§ **Assignment**
Please retype the data below line for line and leave out every picture.

§ **Data segment**
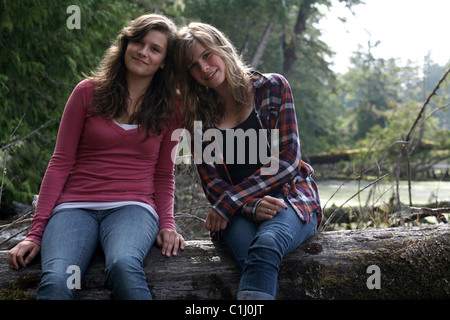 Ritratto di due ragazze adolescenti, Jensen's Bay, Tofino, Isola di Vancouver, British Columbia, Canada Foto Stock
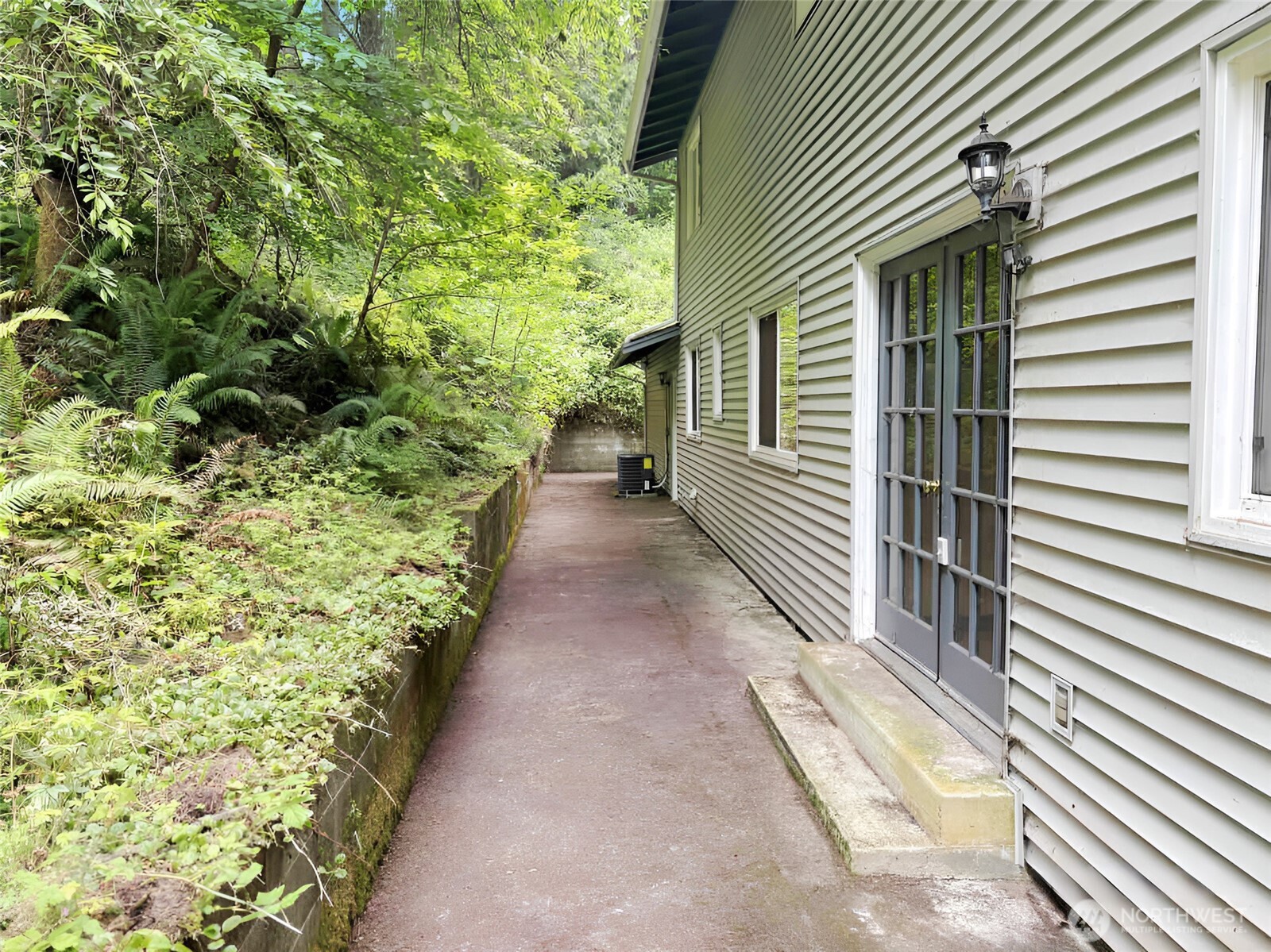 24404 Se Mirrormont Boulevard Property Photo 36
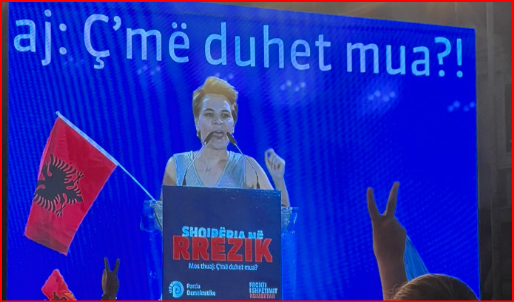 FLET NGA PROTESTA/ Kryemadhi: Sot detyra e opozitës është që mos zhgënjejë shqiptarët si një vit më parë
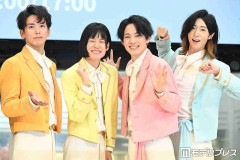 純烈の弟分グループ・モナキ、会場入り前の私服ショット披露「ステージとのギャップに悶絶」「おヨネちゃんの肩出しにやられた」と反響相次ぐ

§ **Reply**
 Ritratto di due ragazze adolescenti, Jensen's Bay, Tofino, Isola di Vancouver, British Columbia, Canada Foto Stock
 24404 Se Mirrormont Boulevard Property Photo 36
 FLET NGA PROTESTA/ Kryemadhi: Sot detyra e opozitës është që mos zhgënjejë shqiptarët si një vit më parë
 純烈の弟分グループ・モナキ、会場入り前の私服ショット披露「ステージとのギャップに悶絶」「おヨネちゃんの肩出しにやられた」と反響相次ぐ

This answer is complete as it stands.